November 10, 2005
This was filmed live in September 2004 in front of about 200 people at the Hi Tone Cafe in Memphis.
This is pretty good, and significantly disappointed me. I know that I'm one of the world's biggest Elvis Costello fanboys, and if "pretty good" is all that he's getting from me, he's not on the top of his game.
It's always good to watch Elvis work, but you definitely wouldn't take just the audio track to any of these performances in lieu of the studio recordings.

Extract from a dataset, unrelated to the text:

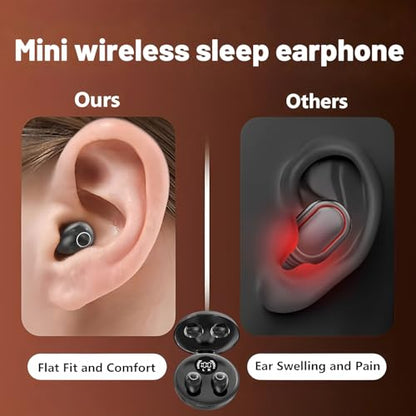 Invisible Sleep Headphones,Mini Invisible Silicone Sleep Earbuds for Side Sleepers, Noise Blocking Sleeping Headphones,Extensive Sleep Audio, Ultra Comfort for Side Sleepers,Bluetooth 5.4 (Black) - color: Black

Perhaps he was just trying too hard. A lot of these songs are a little rushed, as if he were trying to substitute speed for enthusiasm. The worst thing, though, damning half the set is that he's sort of Dylanizing his songs, screwing around with the vocal melodies to the point of undermining the whole damned song.

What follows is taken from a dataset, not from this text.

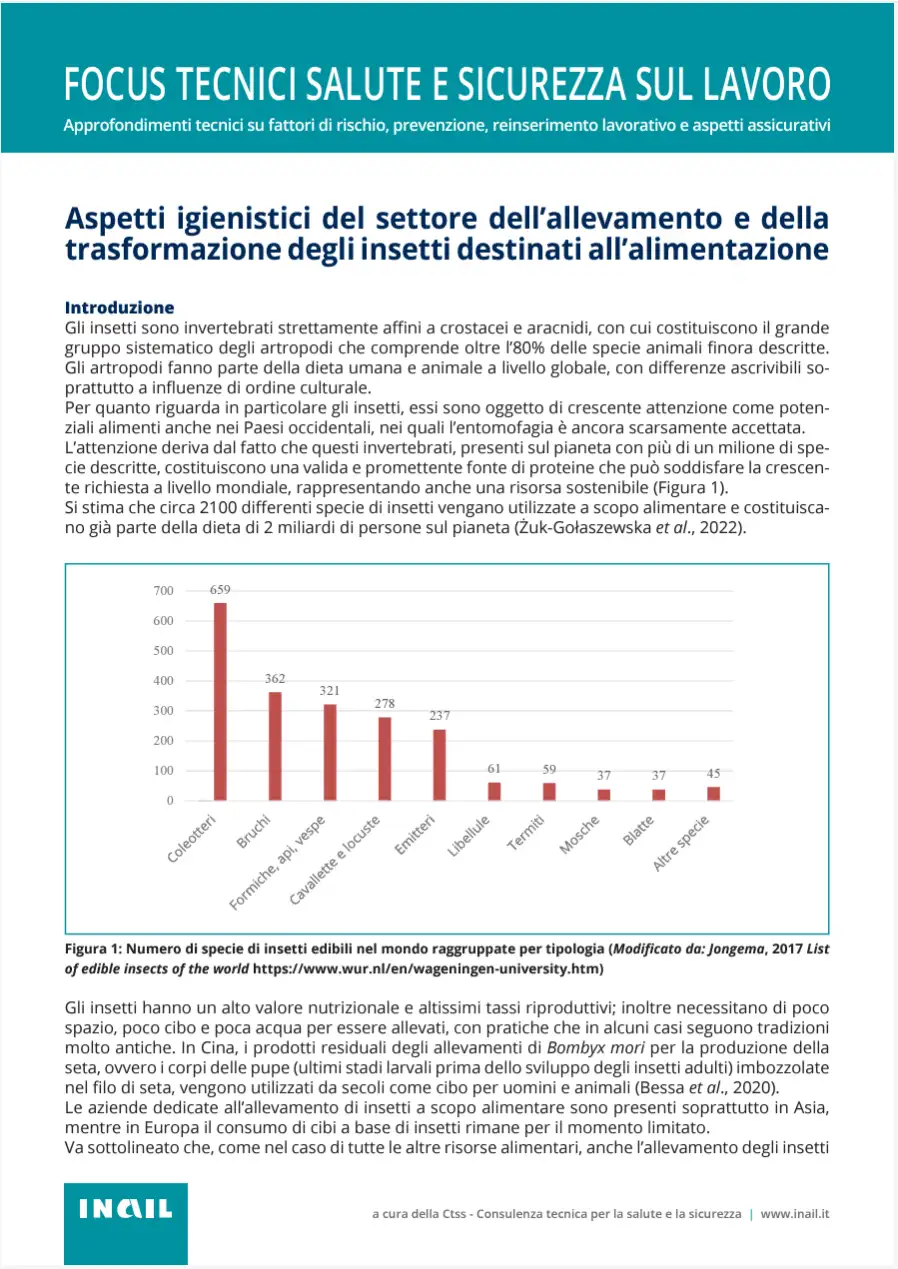 Aspetti igienistici allevamento e trasformazione insetti destinati all alimentazione Aspetti igienistici allevamento e trasformazione insetti destinati all alimentazione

On the better end, it was interesting to see his opening with "Waiting for the End of the World." That came off pretty well, as did "High Infidelity," and a good version of "Blame It On Cain." He was obviously conscious of being at rock and roll ground zero, and you could hear that Memphis soul breathing a bit of fresh life into these warhorses.

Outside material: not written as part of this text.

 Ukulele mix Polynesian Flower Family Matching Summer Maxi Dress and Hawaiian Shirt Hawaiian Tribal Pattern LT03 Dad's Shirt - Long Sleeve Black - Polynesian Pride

Generally, he actually did better playing the new songs from The Delivery Man, which was just a few weeks old at the time. This is one of his better albums, and he has great enthusiasm for his latest stuff. "Either Side of the Same Town" comes off pretty good, and he sells "Country Darkness" pretty well. "There's a Story in Your Voice" really needed Lucinda Williams' part, though. That one's just meant to be a duet.
Some of the older stuff, though, was flat. The audience clearly cared a lot more about "Alison" than Elvis did, and the insertion of "Suspicious Minds" completely does not work, as he didn't use the actual melody of the song. Plus, there's not much point of him singing "Radio Radio" or "Pump It Up" at this point.
Emmylou Harris stepped in for a few songs in the middle. They recreated their duet of "Heart Shaped Bruise" from The Delivery Man to pretty fair effect. The Gram Parsons song struck me as mediocre, though. Their best moment here was "I Still Miss Someone." They got a pretty fair Johnny and June vibe going there.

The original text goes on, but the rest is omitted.